Given records:
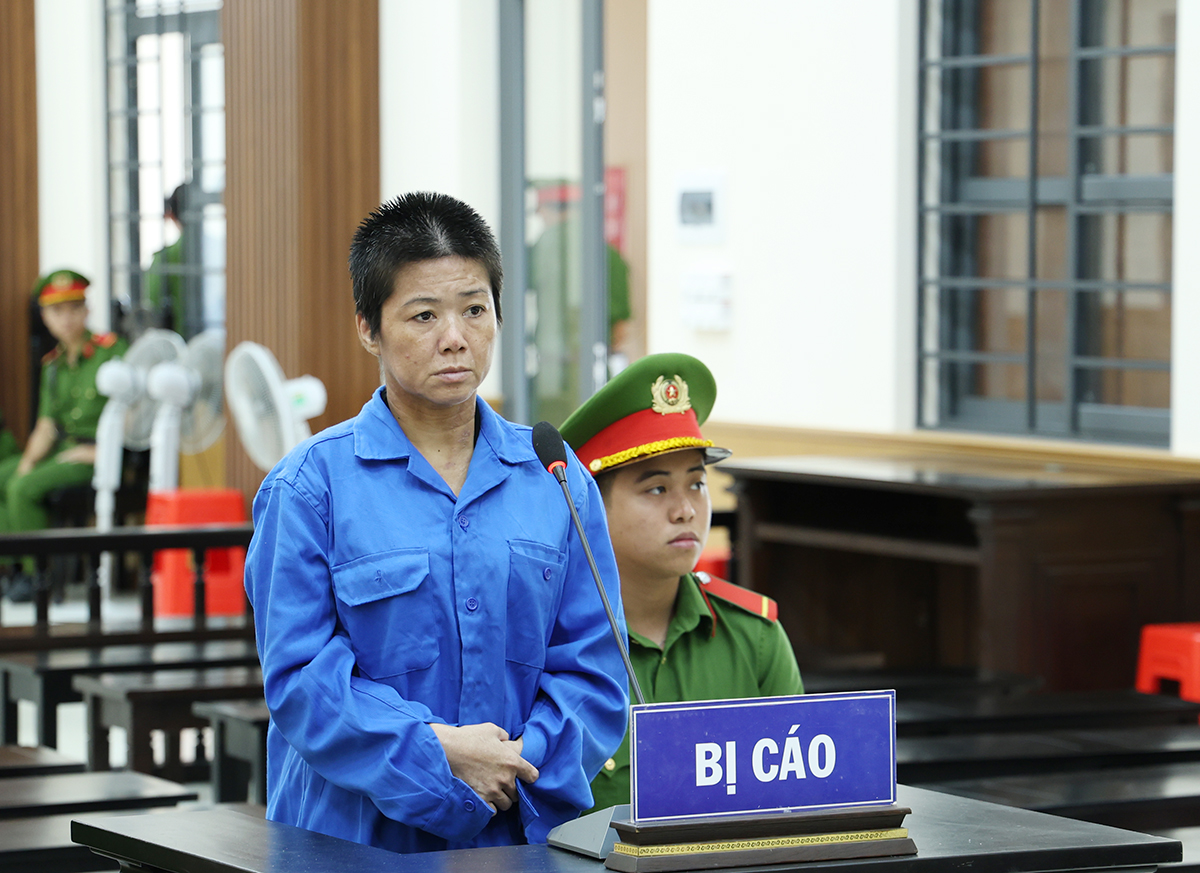 Người phụ nữ ở An Giang ph&oacute;ng hỏa, tạt cồn v&agrave;o người h&agrave;ng x&oacute;m lĩnh 9 năm t&ugrave;- Ảnh 1.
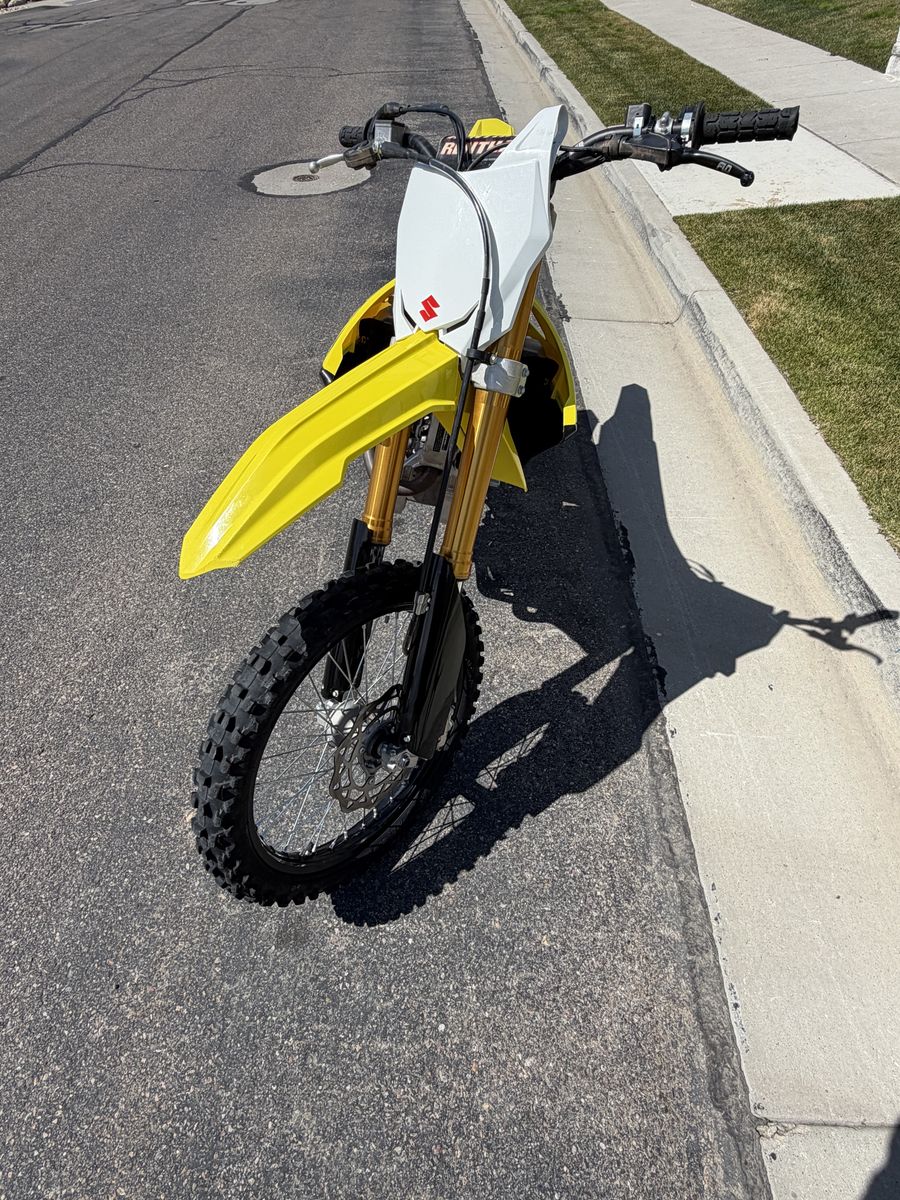 2022 Suzuki RMZ 250 near perfect shape! Must see.
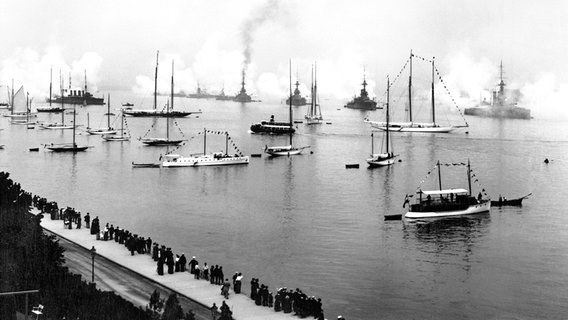 Kieler Woche um 1905: Schiffe auf der Förde geben Salutschüsse ab. © picture-alliance Foto: Renard Ralf Laack
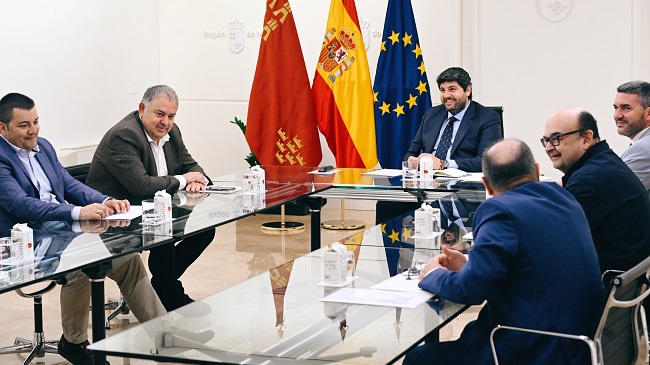 L&oacute;pez Miras, en la reuni&oacute;n&nbsp;para analizar las acciones desplegadas en defensa del trasvase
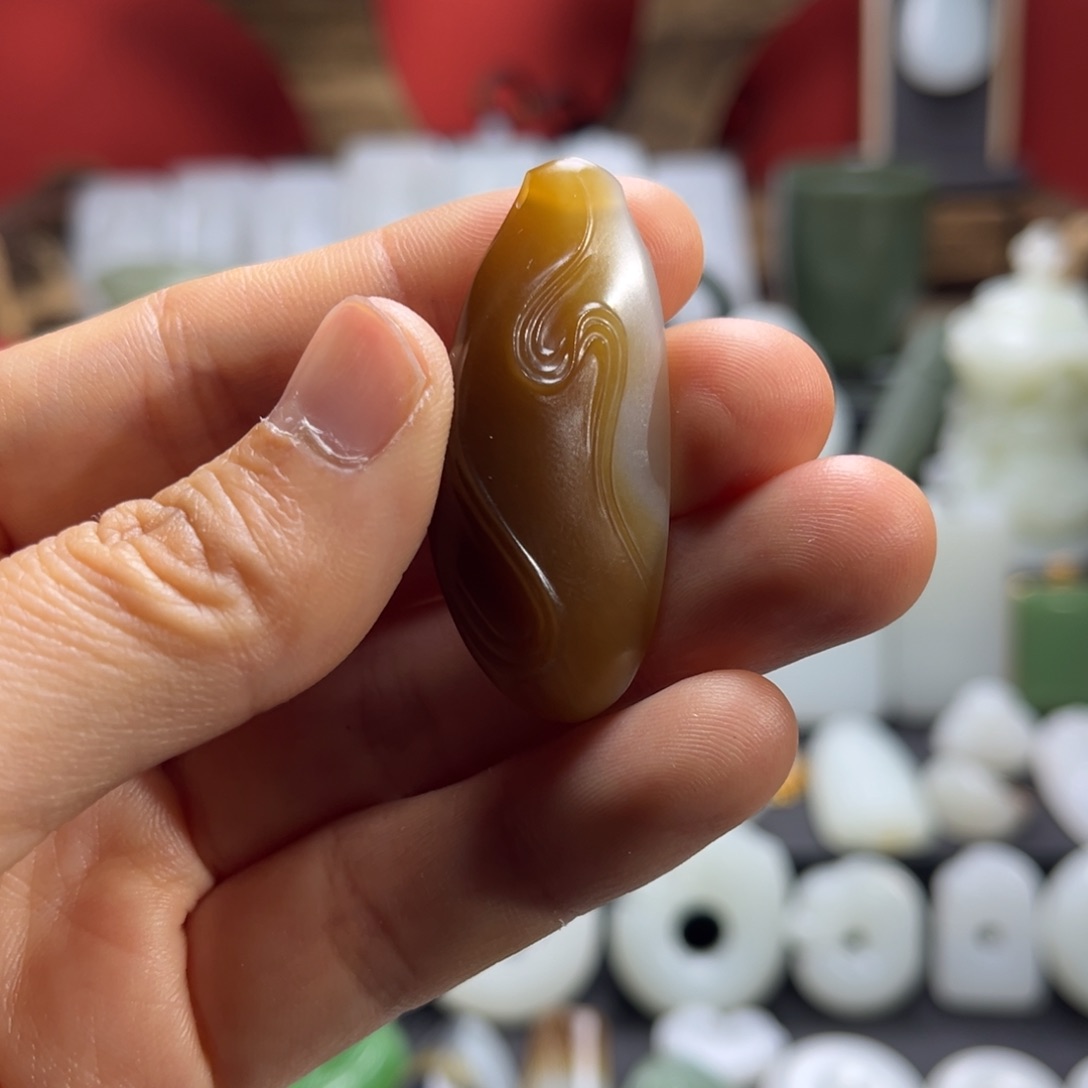 和田玉吊坠(赠链)未镶嵌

Prompt:
Could you give all the records again, exactly, minus the pictures?

Written response:
 Người phụ nữ ở An Giang ph&oacute;ng hỏa, tạt cồn v&agrave;o người h&agrave;ng x&oacute;m lĩnh 9 năm t&ugrave;- Ảnh 1.
 2022 Suzuki RMZ 250 near perfect shape! Must see.
 Kieler Woche um 1905: Schiffe auf der Förde geben Salutschüsse ab. © picture-alliance Foto: Renard Ralf Laack
 L&oacute;pez Miras, en la reuni&oacute;n&nbsp;para analizar las acciones desplegadas en defensa del trasvase
 和田玉吊坠(赠链)未镶嵌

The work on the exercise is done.